The chapters can be read in a manner specific to your interests. Each contains a stand-alone set of ideas and recommendations regarding a particular facet of blindspots. The first section of the book examines the concept of blindspots—why they are important and how they operate. Chapter One contains three illustrative cases of well-known leaders operating with significant blindspots. Chapter Two provides a framework and tools to help identify blindspots in yourself. Chapter Three describes the common blindspots I see in my work with leaders. Chapter Four examines the factors that give rise to blindspots and a framework to manage those factors. The second section of the book, Chapters Five through Nine, offers specific ideas on surfacing and managing your blindspots. This is the application section of the book.

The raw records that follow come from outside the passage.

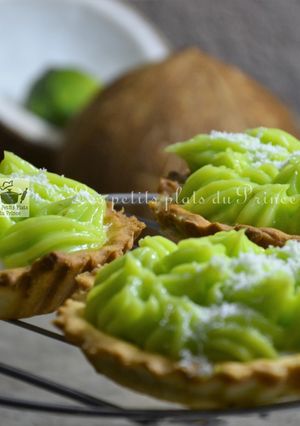 Une photo de Tartelettes lemon curd citron vert et crème de coco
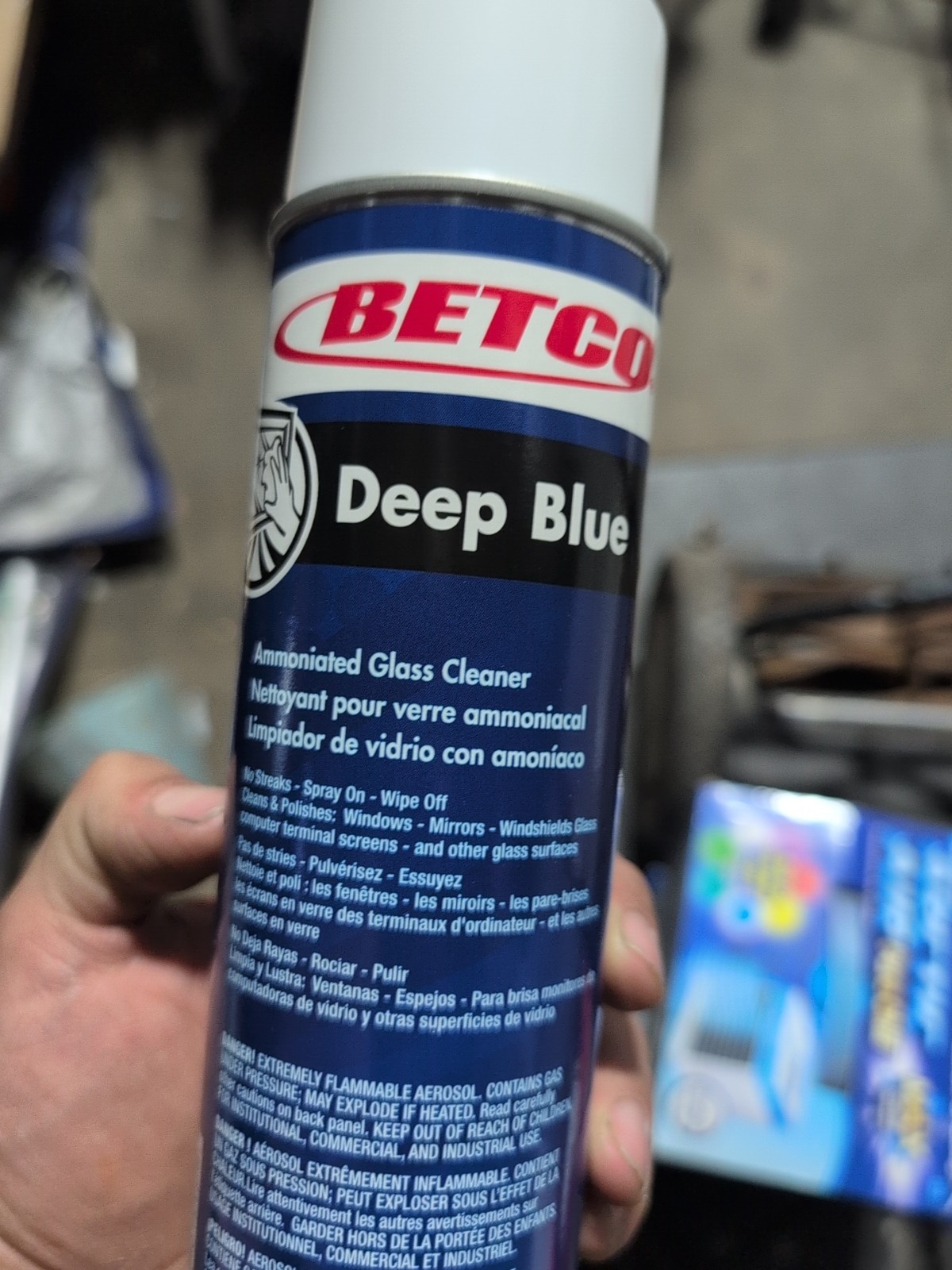 Betco Glass & Surface Cleaner Concentrate – 19 fl oz (0.6 quart) – Characteristi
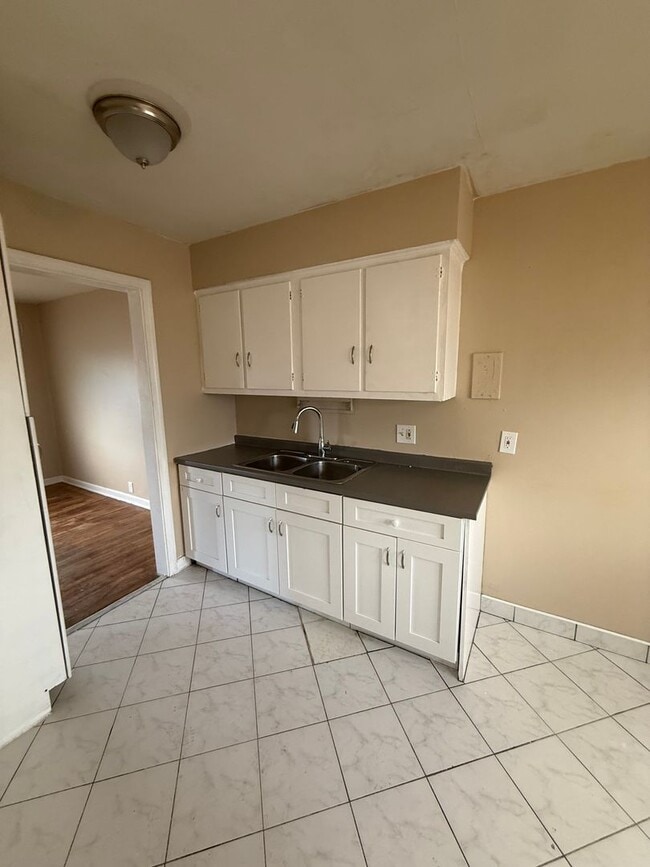 864 E 260th St in Euclid, OH - Building Photo - Building Photo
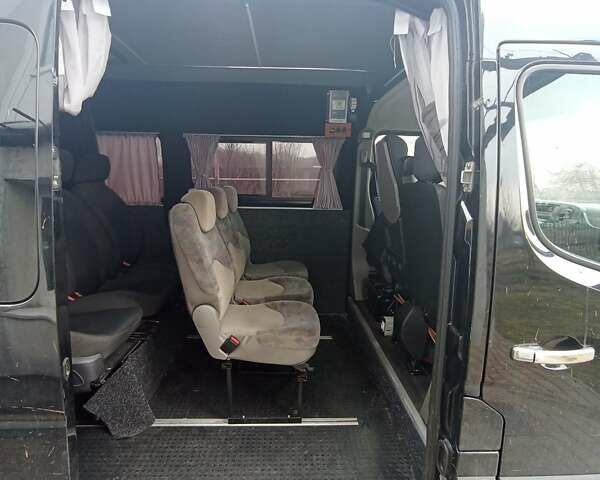 Черный Рено Мастер, объемом двигателя 2.3 л и пробегом 290 тыс. км за 18000 $, фото 3 на Automoto.ua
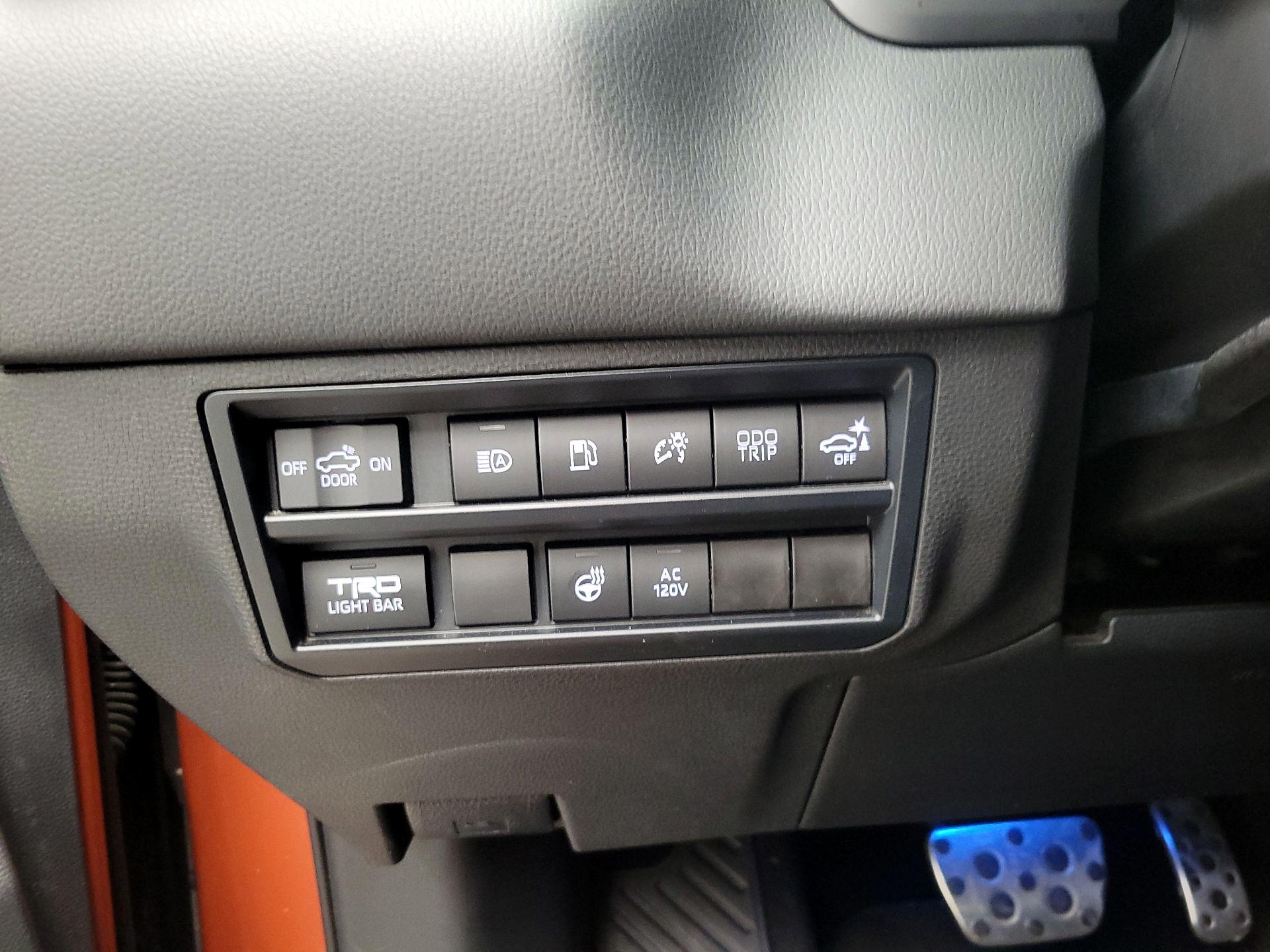 Thumbnail: 2024 Toyota Tundra - 13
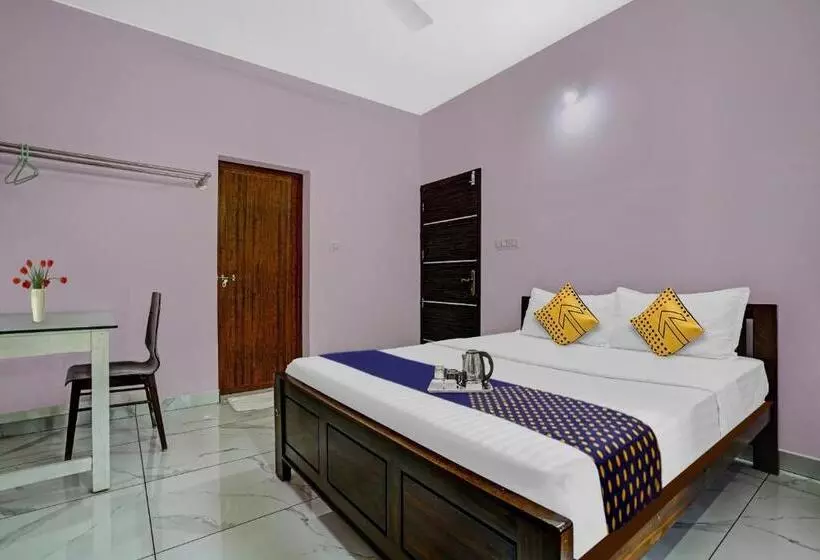 Hotelli Spot On 804461 Shalom Palace Residency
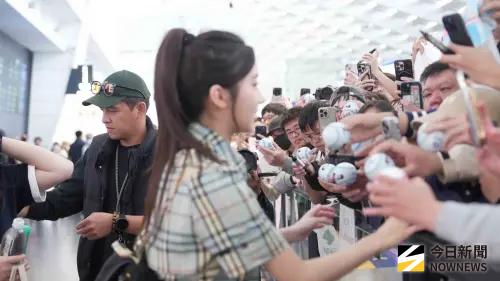 ▲李珠珢睽違113天公開現身，吸引超過200名粉絲、球迷在機場等候。（圖／記者張一笙攝）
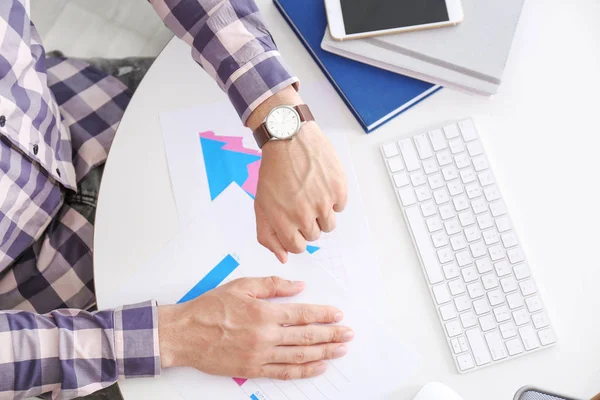 Jonge Zakenman Tijd Zijn Horloge Werkplek Bovenaanzicht Controleren Tijdmanagement — Stockfoto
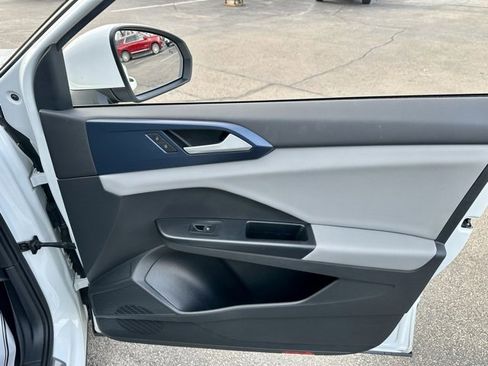 Used 2022 Volkswagen Taos SE image 21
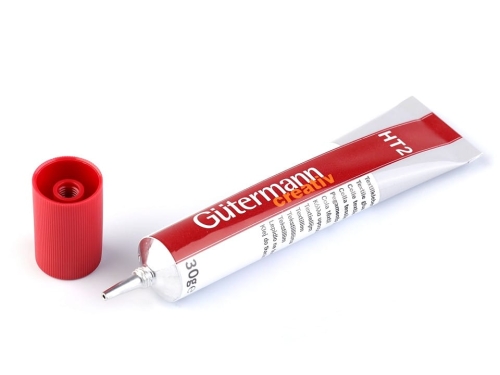 klej-gutermann-bardzo-dobry.jpg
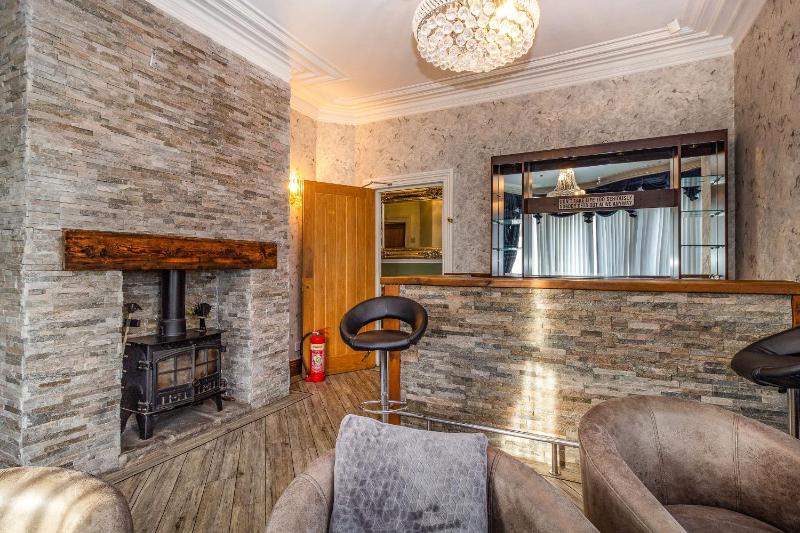 Cherry Tree House - image 4
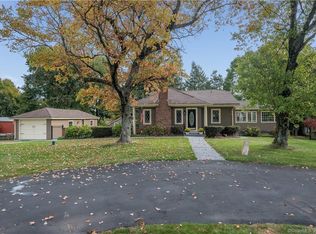 5 Fairview Dr, Farmington, CT 06032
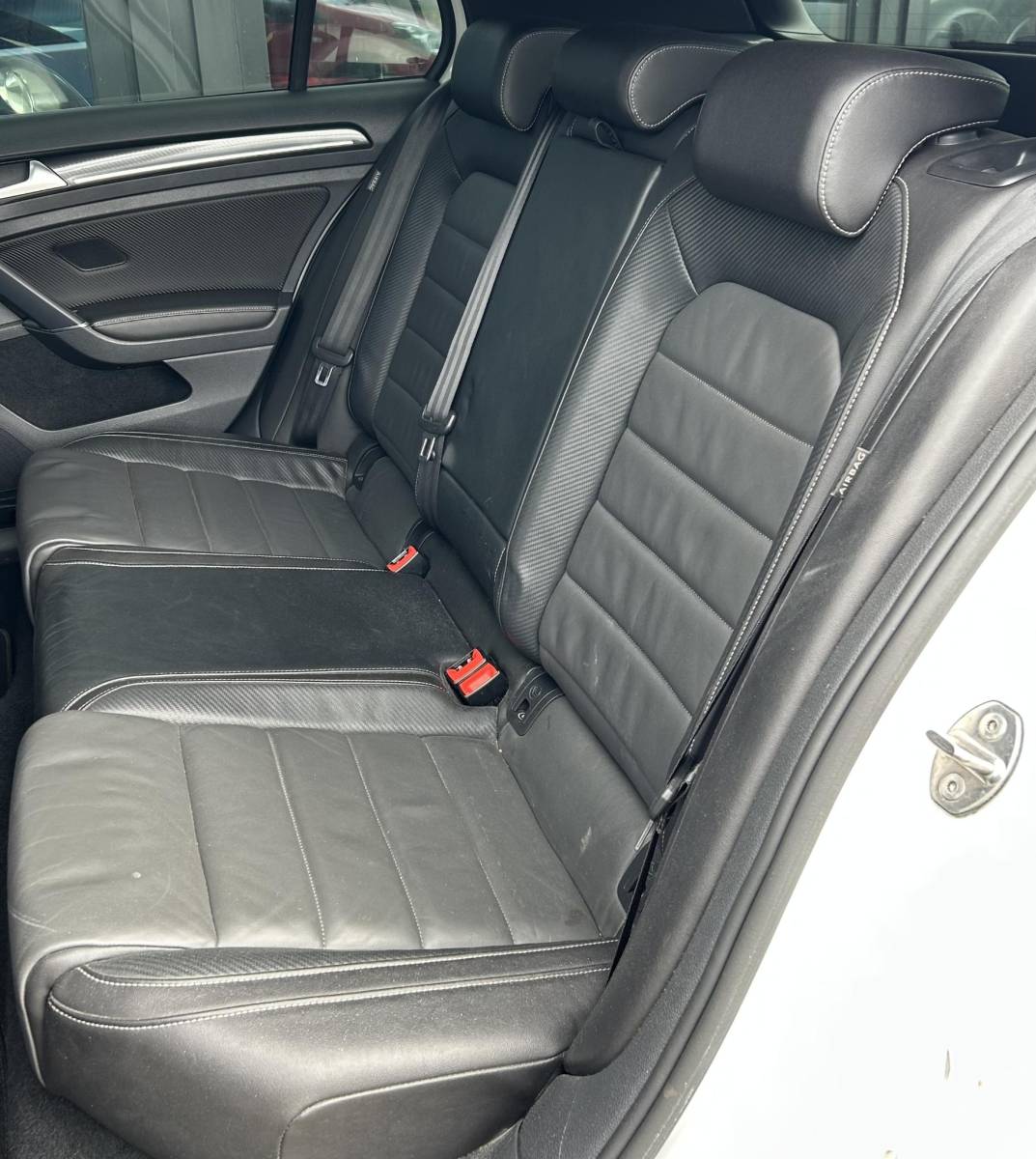 Volkswagen Golf Volkswagen Golf 2.0 TSI R 4Motion 300PK | BOMVOL | ZEER NETTE STAAT! | LIEFHEBBERS AUTO! | PANO | Nieuwe APK | Nieuwe Kettingen | Recent Groot Onderhoud Uitgevoerd door een TSI Specialist | 4 Nieuwe Conti Sport Contact 7 Banden | 19 Inch Velgen Recent Gespoten |  GROTE NAVI | Achteruitrijcamera | Parkeersensoren Voor en Achter | Lederen Bekleding | Stoelverwarming | DAB+ | Dynaudio | Keyless Entry | Keyless Start | 2 Sleutels | Adaptief Demping Systeem |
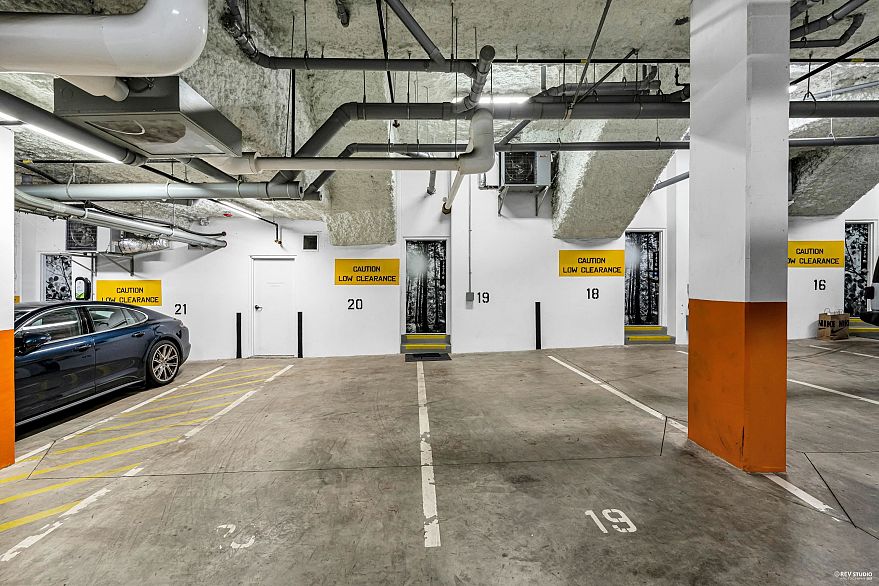 7478 Granville Street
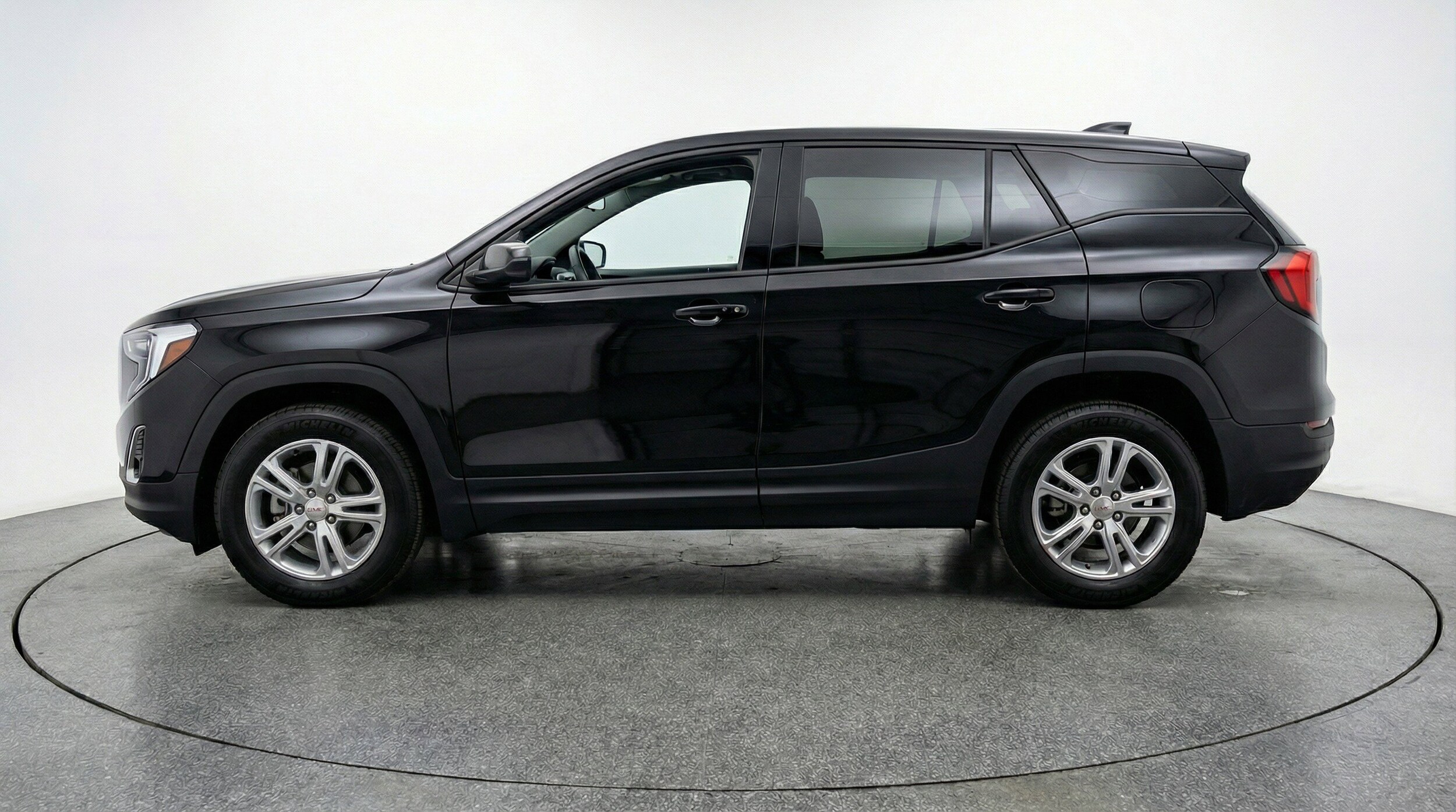 Thumbnail: 2024 GMC Terrain - 5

You can jump straight to these chapters if you are primarily seeking practical ideas on how to manage your own blindspots. The advice in these chapters can also be used by teams and organizations to create a culture that makes leadership blindspots less likely.

I use cases in every chapter to illustrate the pervasiveness of blindspots and the different forms they take. Some of the cases profile successful leaders who show us how to effectively surface and overcome blindspots. I also examine other cases in which very smart people do very foolish things. These examples, positive and negative, often involve senior leaders, but the lessons from their experiences apply to managers at all levels of a company. I use public cases as well as those from my own consulting work (which are disguised to protect the identity of the leaders and companies with whom I have worked). The only people identified in the book are executives whose stories are in the public domain.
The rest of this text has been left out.